Aim of the task:
Return only those lines of the records below in which "Tính" appears.

*** Records shown Section Begins ***

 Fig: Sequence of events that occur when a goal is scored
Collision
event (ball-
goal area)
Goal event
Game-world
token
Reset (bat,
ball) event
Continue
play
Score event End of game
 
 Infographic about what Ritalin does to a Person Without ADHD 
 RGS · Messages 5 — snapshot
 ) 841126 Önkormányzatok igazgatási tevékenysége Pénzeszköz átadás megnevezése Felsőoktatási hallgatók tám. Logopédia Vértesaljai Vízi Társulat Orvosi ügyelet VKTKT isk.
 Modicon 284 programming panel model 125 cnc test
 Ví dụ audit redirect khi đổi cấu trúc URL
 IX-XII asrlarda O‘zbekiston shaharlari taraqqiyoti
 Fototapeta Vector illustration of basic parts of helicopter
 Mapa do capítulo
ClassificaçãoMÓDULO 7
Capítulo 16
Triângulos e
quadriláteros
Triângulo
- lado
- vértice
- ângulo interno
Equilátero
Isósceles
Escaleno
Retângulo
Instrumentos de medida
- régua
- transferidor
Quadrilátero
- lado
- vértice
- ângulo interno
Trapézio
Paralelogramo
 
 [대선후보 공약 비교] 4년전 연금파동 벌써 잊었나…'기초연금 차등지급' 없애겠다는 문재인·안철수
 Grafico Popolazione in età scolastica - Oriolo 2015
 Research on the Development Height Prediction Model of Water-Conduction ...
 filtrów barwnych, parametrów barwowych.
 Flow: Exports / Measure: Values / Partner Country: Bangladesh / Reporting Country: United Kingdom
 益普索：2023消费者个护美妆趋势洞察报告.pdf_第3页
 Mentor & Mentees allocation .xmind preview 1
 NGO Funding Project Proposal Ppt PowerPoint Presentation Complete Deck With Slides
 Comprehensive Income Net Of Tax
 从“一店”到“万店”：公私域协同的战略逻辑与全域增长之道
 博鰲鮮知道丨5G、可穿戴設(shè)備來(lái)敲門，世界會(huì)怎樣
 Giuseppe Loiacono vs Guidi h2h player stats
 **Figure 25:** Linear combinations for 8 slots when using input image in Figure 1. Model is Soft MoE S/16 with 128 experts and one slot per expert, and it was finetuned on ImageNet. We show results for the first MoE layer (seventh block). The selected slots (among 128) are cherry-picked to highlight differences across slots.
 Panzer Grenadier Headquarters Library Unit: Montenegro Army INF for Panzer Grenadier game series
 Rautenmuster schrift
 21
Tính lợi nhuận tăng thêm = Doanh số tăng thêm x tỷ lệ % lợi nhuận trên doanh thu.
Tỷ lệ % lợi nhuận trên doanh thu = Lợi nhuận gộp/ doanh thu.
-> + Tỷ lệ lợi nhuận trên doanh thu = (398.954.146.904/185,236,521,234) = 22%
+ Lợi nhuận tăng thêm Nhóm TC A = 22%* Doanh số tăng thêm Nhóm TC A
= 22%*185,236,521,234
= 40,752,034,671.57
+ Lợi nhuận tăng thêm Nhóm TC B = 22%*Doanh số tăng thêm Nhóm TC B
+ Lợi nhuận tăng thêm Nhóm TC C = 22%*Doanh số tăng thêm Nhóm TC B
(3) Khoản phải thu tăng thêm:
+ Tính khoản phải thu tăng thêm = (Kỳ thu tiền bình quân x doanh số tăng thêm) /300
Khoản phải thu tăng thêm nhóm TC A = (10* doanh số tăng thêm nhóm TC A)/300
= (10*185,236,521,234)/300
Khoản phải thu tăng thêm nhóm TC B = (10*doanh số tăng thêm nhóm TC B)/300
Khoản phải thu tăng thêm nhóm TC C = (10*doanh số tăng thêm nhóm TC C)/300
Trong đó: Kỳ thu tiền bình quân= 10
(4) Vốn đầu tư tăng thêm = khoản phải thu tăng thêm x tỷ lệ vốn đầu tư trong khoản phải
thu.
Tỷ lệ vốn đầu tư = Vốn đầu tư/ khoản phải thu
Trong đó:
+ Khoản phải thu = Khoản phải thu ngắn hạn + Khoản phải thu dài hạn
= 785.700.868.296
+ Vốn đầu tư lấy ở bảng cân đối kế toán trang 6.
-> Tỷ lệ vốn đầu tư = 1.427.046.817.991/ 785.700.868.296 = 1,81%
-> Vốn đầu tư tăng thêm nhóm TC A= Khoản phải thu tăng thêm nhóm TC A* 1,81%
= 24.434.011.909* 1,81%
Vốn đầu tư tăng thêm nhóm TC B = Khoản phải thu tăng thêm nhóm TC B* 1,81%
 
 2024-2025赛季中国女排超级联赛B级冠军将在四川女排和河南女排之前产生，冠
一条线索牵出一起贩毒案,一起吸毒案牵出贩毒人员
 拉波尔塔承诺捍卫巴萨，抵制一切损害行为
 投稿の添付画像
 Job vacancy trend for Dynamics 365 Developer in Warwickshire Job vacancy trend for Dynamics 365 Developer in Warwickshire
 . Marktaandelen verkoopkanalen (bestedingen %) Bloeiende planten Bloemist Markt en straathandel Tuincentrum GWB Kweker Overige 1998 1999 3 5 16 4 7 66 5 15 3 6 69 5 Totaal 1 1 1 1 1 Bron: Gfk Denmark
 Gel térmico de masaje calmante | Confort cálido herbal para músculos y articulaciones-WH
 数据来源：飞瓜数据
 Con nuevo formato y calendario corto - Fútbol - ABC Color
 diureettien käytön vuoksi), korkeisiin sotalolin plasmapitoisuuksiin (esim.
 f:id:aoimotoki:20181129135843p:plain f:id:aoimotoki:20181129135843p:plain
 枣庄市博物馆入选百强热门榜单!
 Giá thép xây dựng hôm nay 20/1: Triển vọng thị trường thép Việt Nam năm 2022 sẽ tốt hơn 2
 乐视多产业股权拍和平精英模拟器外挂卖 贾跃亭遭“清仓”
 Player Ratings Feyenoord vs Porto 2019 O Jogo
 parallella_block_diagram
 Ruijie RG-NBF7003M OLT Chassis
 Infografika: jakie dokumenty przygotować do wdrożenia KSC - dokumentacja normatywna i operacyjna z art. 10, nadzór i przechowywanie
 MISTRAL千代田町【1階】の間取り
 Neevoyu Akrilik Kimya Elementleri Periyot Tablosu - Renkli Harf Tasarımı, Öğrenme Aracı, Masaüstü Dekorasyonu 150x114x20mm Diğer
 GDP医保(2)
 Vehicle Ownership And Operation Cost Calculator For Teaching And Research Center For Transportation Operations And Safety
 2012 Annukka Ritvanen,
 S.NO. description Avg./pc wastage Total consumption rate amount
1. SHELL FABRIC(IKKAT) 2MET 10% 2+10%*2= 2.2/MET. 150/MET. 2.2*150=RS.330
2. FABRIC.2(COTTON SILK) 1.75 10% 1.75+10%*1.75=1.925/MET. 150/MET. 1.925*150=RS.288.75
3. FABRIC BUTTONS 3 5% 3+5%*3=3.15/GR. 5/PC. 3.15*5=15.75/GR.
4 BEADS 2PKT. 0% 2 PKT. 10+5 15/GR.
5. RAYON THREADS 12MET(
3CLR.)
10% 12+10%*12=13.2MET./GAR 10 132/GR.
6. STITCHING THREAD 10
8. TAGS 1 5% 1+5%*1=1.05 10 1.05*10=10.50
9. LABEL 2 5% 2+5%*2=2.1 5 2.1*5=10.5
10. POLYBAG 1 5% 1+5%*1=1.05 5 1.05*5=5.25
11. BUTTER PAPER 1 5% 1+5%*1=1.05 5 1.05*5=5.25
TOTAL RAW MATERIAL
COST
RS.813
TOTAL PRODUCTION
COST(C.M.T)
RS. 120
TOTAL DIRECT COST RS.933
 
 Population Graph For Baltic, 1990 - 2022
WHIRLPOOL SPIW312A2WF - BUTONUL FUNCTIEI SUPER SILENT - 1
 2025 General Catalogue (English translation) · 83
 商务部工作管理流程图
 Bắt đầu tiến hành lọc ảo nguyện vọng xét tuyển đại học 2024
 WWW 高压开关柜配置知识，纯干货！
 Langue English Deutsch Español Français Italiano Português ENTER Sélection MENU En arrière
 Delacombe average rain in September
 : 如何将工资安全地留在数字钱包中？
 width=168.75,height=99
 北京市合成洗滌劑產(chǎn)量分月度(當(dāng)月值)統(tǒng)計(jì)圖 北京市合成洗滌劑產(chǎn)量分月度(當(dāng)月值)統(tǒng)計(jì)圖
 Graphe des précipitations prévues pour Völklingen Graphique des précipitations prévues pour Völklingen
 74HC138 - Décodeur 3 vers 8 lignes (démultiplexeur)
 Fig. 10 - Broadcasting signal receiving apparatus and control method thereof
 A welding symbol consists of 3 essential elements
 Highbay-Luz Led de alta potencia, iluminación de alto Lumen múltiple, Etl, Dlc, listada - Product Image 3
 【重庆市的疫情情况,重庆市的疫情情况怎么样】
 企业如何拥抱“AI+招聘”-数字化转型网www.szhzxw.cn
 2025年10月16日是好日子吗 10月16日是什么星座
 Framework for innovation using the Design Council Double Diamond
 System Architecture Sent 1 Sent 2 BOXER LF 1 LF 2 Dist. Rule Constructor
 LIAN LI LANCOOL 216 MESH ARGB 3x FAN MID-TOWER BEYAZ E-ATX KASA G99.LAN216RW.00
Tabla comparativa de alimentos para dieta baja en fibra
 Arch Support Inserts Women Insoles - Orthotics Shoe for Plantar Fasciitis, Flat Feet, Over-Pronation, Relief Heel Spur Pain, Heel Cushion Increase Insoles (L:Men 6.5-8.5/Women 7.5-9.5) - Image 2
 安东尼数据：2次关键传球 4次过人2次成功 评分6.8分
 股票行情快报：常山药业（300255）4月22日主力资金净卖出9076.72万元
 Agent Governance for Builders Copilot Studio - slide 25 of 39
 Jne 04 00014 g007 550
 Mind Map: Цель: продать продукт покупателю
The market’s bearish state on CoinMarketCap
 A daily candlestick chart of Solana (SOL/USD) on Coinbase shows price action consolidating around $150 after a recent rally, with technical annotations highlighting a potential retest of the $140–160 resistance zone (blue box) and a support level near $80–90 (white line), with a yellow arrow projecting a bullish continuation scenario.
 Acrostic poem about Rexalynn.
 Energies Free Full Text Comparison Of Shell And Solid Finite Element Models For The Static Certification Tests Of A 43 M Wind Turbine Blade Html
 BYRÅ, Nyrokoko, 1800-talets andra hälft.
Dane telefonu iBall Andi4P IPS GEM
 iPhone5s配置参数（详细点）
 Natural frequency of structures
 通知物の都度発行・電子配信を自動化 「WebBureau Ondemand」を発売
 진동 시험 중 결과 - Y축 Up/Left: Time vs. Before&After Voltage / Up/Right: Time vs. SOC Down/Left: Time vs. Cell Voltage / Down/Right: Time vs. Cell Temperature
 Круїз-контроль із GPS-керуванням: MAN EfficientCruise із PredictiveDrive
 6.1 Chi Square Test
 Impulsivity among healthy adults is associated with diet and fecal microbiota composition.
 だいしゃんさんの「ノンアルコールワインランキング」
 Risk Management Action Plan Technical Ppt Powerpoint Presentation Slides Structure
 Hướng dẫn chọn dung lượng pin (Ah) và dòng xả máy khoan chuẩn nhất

*** Records shown Section Ends ***

The answer:
Tính lợi nhuận tăng thêm = Doanh số tăng thêm x tỷ lệ % lợi nhuận trên doanh thu.
+ Tính khoản phải thu tăng thêm = (Kỳ thu tiền bình quân x doanh số tăng thêm) /300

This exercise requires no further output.